RESILIENCIA, CONVICCIÓN Y PERSONALIDAD
La capacidad de sobreponerse a situaciones adversas es un atributo vital para un equipo de fútbol. Sí, la famosa resiliencia, una palabra que en la vida diaria se utiliza con llamativa frecuencia. Vélez tuvo esa cualidad. Primero, el año pasado, cuando estaba contra la espada y la pared y gambeteó dramáticamente el descenso. No conviene olvidar que este equipo se vio al borde del abismo hace apenas doce meses.

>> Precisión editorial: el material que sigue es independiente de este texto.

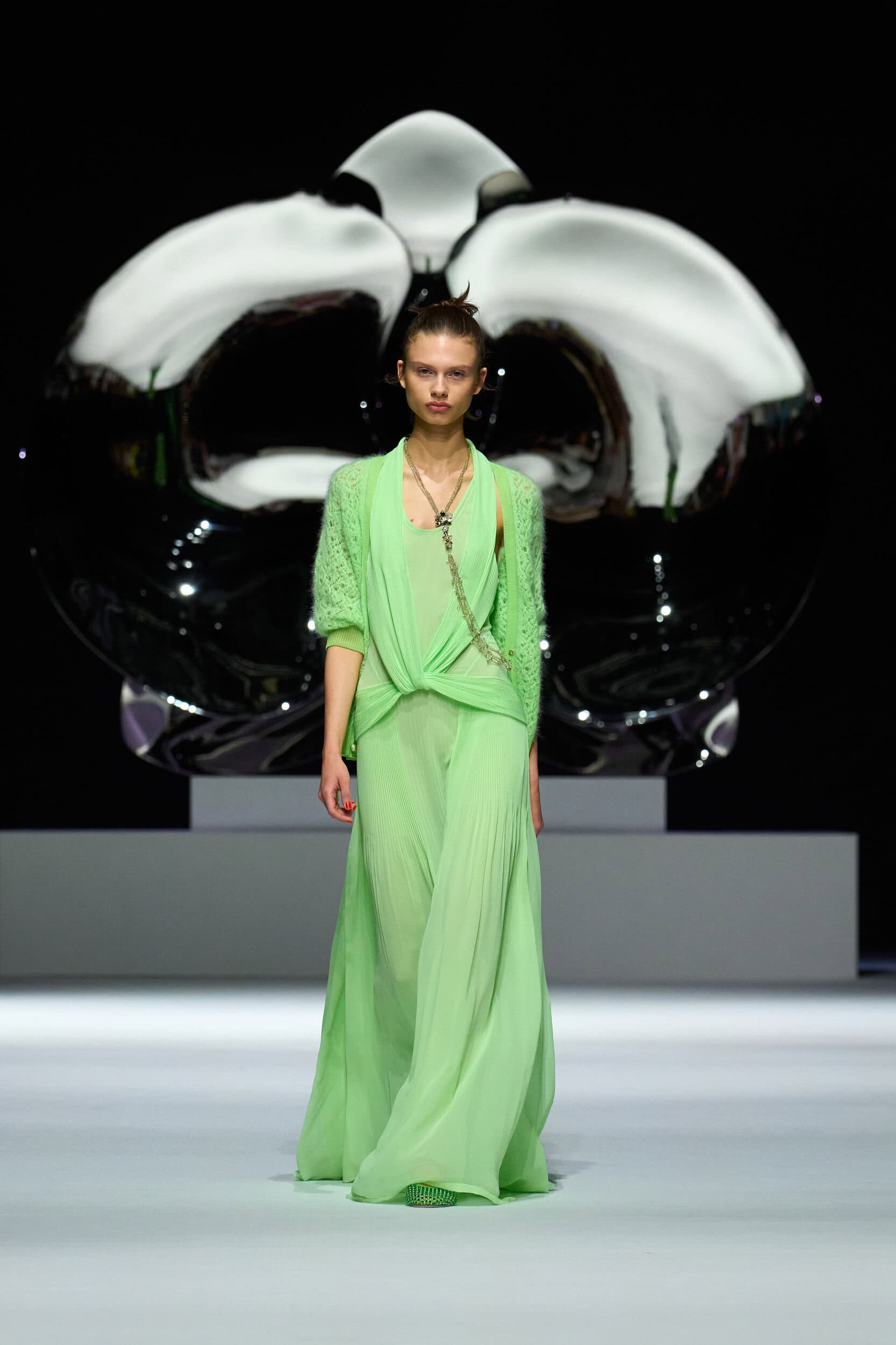 Genny Spring 2026 Fashion Show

También exhibió esa cualidad a principios de 2024, cuando perdió la final de la Copa de la Liga a manos de Estudiantes. Y hace pocos días, tras la derrota contra Central Córdoba de Santiago del Estero en la definición de la Copa Argentina. Se requirió madurez y determinación para reaccionar luego de ese último golpe inesperado. Tenía todo en contra. Un desempeño que brindaba más dudas que certezas, una dolorosa caída, la desconfianza de sus hinchas… Pero El Fortín se hizo fuerte en un momento de debilidad y salió adelante.
La resiliencia va de la mano con otras virtudes que las huestes de Quinteros mostraron en estos días: personalidad y convicción. Se pusieron de pie con rapidez, recuperaron sus fuerzas cuando se sentían agotadas y fueron en busca de la victoria con la determinación de quien comprende que la recompensa es tan grande que vale la pena el esfuerzo. Jugaron contra Huracán como lo que era: una final. No lo hicieron del mismo modo El Globo y Talleres, el tercero en discordia.
SENTIDO DE PERTENENCIA
“Cada chico que entra al club es un campeonato ganado”, decía José Amalfitani, el tenaz dirigente que tomó las riendas del club cuando se produjo el descenso de 1940 y Vélez estaba al borde de la desaparición. Y en la institución que él salvó los pibes fueron fundamentales para la conquista de la Liga Profesional.
El mejor ejemplo es Valentín Gómez, un fenómeno que hace del arte de la defensa una manifestación de excelencia. Irradia la misma sensación de lujosa solvencia que caracterizaba a Roberto Ayala cuando apareció en Ferro, a Walter Samuel en sus comienzos en Newell´s y a Nicolás Otamendi, otro producto de La Fábrica. Hasta se repuso de la decepción por una transferencia frustrada y al volver brilló como si nunca se hubiese sentido lejos de Liniers.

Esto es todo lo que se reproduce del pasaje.